Fraser’s A Vida e as Mortes de Severino Olho de Dendê is a novel published by a big, established house, which proved that it could win the 2023 Jabuti Award for Best Enterteinment Novel and call attention for the potential of Brazilian SF with the biggies, and for the potential of space opera in particular. But the winner was a metalinguis­tic YA novel by Karine Asth, Dentro do nosso Silêncio [Within our Silence], released by Editora Bestiário. The Jabuti was announced in the first week of December, and Fraser’s book, a pastiche romp on space opera, falls within that valuing of Northeastern culture.
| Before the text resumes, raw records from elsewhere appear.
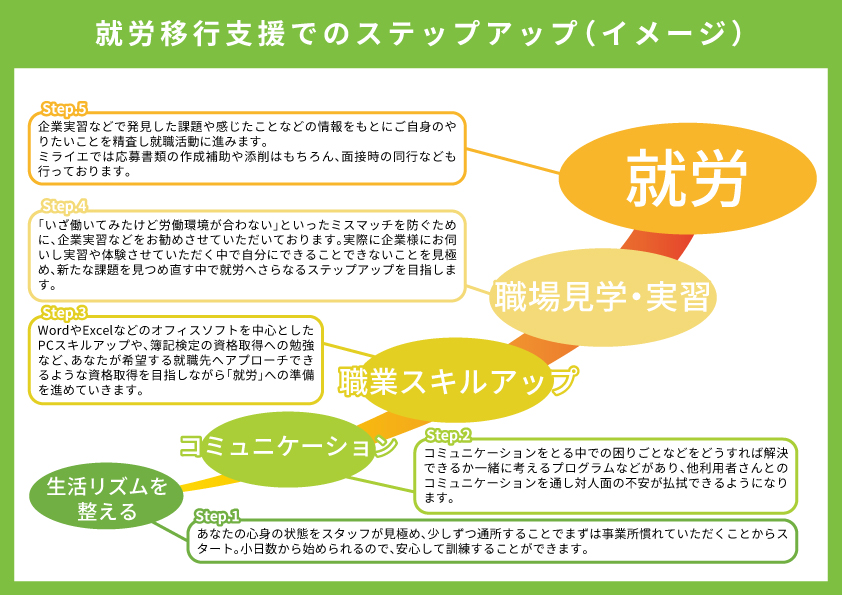 堺筋本町 就職までのステップ ２ コミュニケーション 大阪 横浜の就労移行支援事業所 ミライエ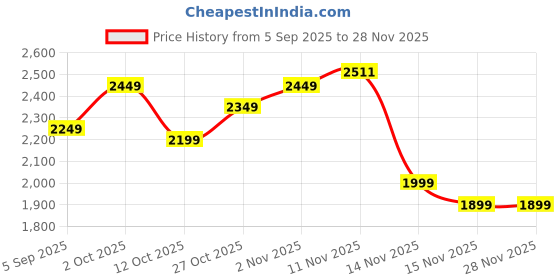pepperfry.com tu casa Off White Cotton Shade Club Floor Lamp Iron Base tu casa Price History Graph from 5 Sep 2025 to 28 Nov 2025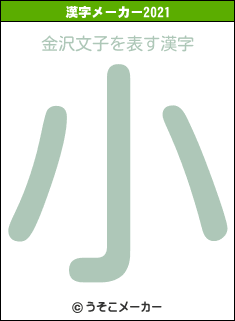 金沢文子の2021年の漢字メーカー結果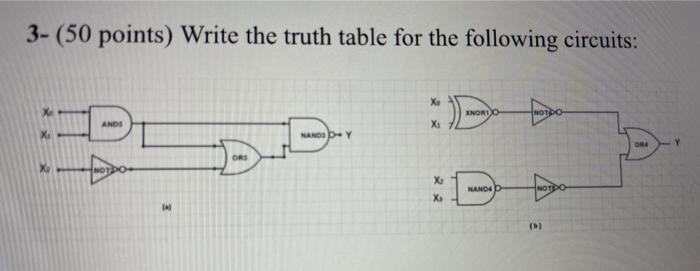 i don't know how to do this 3- (50 points) Write the
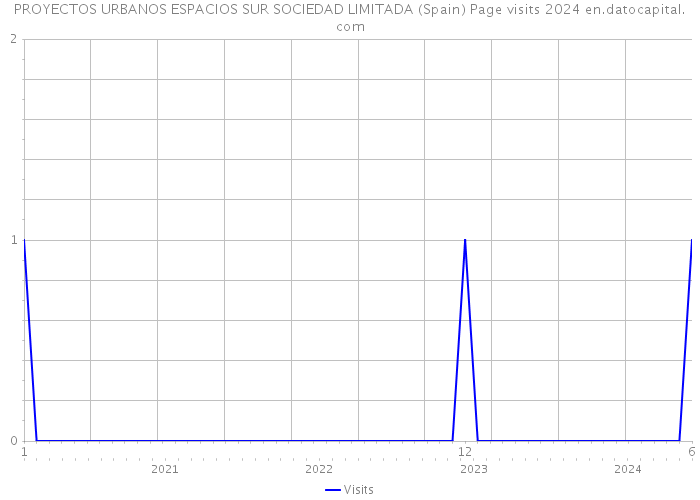 PROYECTOS URBANOS ESPACIOS SUR SOCIEDAD LIMITADA (Spain) Page visits 2024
The very last award of the year was the Argos, sponsored by Science Fiction Reader’s Club de Literatura Fantástica. Its awards ceremony hap­pened in Rio de Janeiro, on December 15. For this year, its committee opted for a voting system in two phases. The first phase was within the norm up to this point: Only members were allowed to vote. The second phase was open to anyone. Promptly, the committee issued a statement informing that block voting was detected and they were erasing that, as it went. This led fan and critic Cesar Silva, who has a history with the Argos and who was a judge at the Odyssey in 2023, to denounce authors lobby­ing for the Argos. Categories were Novel (Estação das Moscas [Station of Flies], by Cirilo S. Lemos, through Editora Draco), the confusing Anthology or Collection (Os Pilares de Melkat [The Pillars of Melkat], a collection by Ana Lúcia Merege, through Draco) and Short Story (‘‘Jogo do Destino’’ [Destiny Game] by de Merege from Draco). At the same event, SFRC also handed down trophies and certificates not sent from previous Editions of the Argos, due to the COVID-19 pandemic.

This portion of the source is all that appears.